---------- Records supplied ----------

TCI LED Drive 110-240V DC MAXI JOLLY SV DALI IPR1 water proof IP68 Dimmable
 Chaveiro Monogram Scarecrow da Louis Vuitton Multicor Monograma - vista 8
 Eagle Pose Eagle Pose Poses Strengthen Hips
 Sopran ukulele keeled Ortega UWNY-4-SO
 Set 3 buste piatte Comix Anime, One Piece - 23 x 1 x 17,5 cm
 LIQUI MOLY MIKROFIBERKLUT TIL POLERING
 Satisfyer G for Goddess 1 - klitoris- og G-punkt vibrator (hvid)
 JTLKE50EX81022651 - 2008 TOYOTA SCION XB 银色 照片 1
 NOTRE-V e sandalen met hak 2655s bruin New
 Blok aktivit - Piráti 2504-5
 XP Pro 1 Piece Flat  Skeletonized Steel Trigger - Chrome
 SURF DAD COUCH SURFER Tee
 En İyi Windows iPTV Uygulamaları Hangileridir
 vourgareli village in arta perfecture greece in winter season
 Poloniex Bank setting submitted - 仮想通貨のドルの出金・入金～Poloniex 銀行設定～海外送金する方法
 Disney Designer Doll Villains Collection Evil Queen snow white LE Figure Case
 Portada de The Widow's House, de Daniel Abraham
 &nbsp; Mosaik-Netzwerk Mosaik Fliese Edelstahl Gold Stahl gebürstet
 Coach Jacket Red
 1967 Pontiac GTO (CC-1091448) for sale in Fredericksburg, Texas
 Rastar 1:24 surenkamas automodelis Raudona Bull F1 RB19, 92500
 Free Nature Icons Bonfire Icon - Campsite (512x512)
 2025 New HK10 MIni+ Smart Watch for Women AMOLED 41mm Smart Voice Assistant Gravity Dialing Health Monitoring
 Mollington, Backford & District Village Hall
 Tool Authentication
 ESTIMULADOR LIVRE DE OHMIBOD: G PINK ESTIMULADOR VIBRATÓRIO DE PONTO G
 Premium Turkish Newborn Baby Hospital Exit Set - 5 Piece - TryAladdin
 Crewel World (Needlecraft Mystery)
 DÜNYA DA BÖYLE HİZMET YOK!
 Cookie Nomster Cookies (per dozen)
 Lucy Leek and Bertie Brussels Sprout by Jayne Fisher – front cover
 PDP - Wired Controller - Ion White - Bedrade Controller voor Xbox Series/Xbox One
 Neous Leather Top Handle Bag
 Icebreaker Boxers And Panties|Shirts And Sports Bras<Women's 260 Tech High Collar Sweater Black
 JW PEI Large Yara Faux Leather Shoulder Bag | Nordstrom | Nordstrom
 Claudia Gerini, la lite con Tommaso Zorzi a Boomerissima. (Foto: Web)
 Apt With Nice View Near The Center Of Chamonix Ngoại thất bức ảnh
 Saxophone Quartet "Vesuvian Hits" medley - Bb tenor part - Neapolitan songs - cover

----------

§ **Aim of the task**: Give back the opening line of the records above and every line after it, up to and including the one with "Poloniex Bank setting", unchanged.

§ **Task answer**:
TCI LED Drive 110-240V DC MAXI JOLLY SV DALI IPR1 water proof IP68 Dimmable
 Chaveiro Monogram Scarecrow da Louis Vuitton Multicor Monograma - vista 8
 Eagle Pose Eagle Pose Poses Strengthen Hips
 Sopran ukulele keeled Ortega UWNY-4-SO
 Set 3 buste piatte Comix Anime, One Piece - 23 x 1 x 17,5 cm
 LIQUI MOLY MIKROFIBERKLUT TIL POLERING
 Satisfyer G for Goddess 1 - klitoris- og G-punkt vibrator (hvid)
 JTLKE50EX81022651 - 2008 TOYOTA SCION XB 银色 照片 1
 NOTRE-V e sandalen met hak 2655s bruin New
 Blok aktivit - Piráti 2504-5
 XP Pro 1 Piece Flat  Skeletonized Steel Trigger - Chrome
 SURF DAD COUCH SURFER Tee
 En İyi Windows iPTV Uygulamaları Hangileridir
 vourgareli village in arta perfecture greece in winter season
 Poloniex Bank setting submitted - 仮想通貨のドルの出金・入金～Poloniex 銀行設定～海外送金する方法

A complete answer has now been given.